Warum sagst du so etwas, du dumme Gans?

»Entschuldige bitte, Tom«, setzte sie sofort nach. »Das war gedankenlos und unsensibel. Ich wollte dich nicht ...«

»Schon in Ordnung, Hannah«, ließ er sie nicht ausreden. Er schien nicht im Mindesten verstimmt zu sein. »Wir haben uns fünfundzwanzig Jahre lang nicht gesehen. Und Menschen ändern sich. Ich hoffe trotzdem, du glaubst mir, wenn ich dir versichere, dass ich jedes meiner Worte ehrlich gemeint habe.«

»Natürlich glaube ich dir«, beteuerte Hannah schnell. »Manchmal plappere ich einfach nur vor mich hin, ohne nachzudenken. Nimm das bitte nicht zu ernst. Wie kann ich dir helfen?«

Er überlegte kurz, als müsse er sich seine nächsten Sätze genau zurechtlegen. Hannah verspürte ein unangenehmes Kribbeln im Nacken, widerstand jedoch dem Drang, sich zu kratzen. Sie hatte tatsächlich nicht den Hauch einer Ahnung, was Thomas ausgerechnet von ihr wollen könnte.
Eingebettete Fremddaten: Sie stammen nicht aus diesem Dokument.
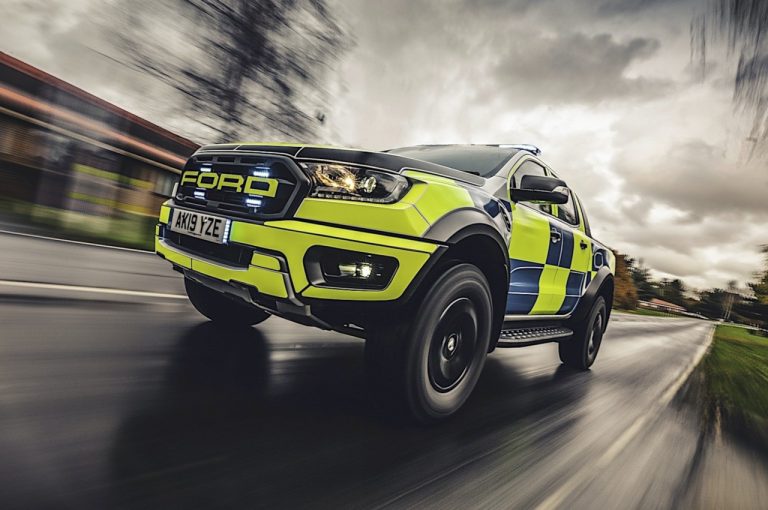 Ford Ranger Raptor e Ford Focus ST SW polizia UK: immagini ufficiali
»Ich suche eine Expertin für liduurische Kultur«, hörte sie ihn sagen. »Und egal wen ich gefragt habe: Es fiel fast jedes Mal sofort dein Name. Wenn es um die Liduuri und ihre Hinterlassenschaften geht, bist du im Umkreis von mehreren Tausend Lichtjahren offenbar die uneingeschränkte Autorität.«

Hannah lauschte dem Klang seiner Stimme nach. Thomas sprach Englisch, doch der in ihrem linken Ohrläppchen eingepflanzte Mikrochip flüsterte ihr über projizierte Nano-Akustikfelder unablässig die deutsche Übersetzung zu. Mehr als siebzig Prozent der Weltbevölkerung verfügte inzwischen über solche oder ähnliche Implantate. Sprachbarrieren gehörten deshalb schon seit Langem der Vergangenheit an; ein Umstand, der das Zusammenwachsen der Menschen zu einer planetaren Gemeinschaft fraglos förderte, wenngleich es – wie so häufig – eine Reihe von Traditionalisten gab, die die alten Sprachen und Dialekte retten wollten.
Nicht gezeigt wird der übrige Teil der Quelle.